**Material shown:**
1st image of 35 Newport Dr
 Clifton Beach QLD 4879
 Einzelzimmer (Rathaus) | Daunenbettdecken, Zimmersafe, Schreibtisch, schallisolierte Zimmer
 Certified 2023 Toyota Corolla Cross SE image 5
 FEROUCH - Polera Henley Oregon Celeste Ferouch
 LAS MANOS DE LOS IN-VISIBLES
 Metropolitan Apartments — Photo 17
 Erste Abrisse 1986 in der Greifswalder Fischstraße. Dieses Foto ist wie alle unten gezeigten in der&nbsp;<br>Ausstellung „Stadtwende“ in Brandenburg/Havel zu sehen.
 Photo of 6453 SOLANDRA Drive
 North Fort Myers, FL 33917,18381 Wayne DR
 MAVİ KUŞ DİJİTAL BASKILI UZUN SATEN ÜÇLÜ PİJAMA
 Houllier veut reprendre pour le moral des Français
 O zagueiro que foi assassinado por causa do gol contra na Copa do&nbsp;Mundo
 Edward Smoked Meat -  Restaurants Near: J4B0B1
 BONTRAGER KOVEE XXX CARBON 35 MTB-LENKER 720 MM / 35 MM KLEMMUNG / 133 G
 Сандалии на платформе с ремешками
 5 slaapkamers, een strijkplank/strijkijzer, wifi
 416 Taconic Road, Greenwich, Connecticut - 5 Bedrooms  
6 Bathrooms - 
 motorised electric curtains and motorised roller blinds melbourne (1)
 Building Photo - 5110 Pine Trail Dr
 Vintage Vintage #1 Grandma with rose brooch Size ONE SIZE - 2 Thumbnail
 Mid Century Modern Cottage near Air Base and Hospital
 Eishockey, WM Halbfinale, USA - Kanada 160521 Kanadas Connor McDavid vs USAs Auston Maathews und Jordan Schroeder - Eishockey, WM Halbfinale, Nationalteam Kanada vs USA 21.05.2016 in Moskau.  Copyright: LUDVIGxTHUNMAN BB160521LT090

**Requirement:** The lines to output run from the one containing "Edward Smoked Meat" through the last line of the records above; repeat them exactly and nothing more.

**Output of the task:**
 Edward Smoked Meat -  Restaurants Near: J4B0B1
 BONTRAGER KOVEE XXX CARBON 35 MTB-LENKER 720 MM / 35 MM KLEMMUNG / 133 G
 Сандалии на платформе с ремешками
 5 slaapkamers, een strijkplank/strijkijzer, wifi
 416 Taconic Road, Greenwich, Connecticut - 5 Bedrooms  
6 Bathrooms - 
 motorised electric curtains and motorised roller blinds melbourne (1)
 Building Photo - 5110 Pine Trail Dr
 Vintage Vintage #1 Grandma with rose brooch Size ONE SIZE - 2 Thumbnail
 Mid Century Modern Cottage near Air Base and Hospital
 Eishockey, WM Halbfinale, USA - Kanada 160521 Kanadas Connor McDavid vs USAs Auston Maathews und Jordan Schroeder - Eishockey, WM Halbfinale, Nationalteam Kanada vs USA 21.05.2016 in Moskau.  Copyright: LUDVIGxTHUNMAN BB160521LT090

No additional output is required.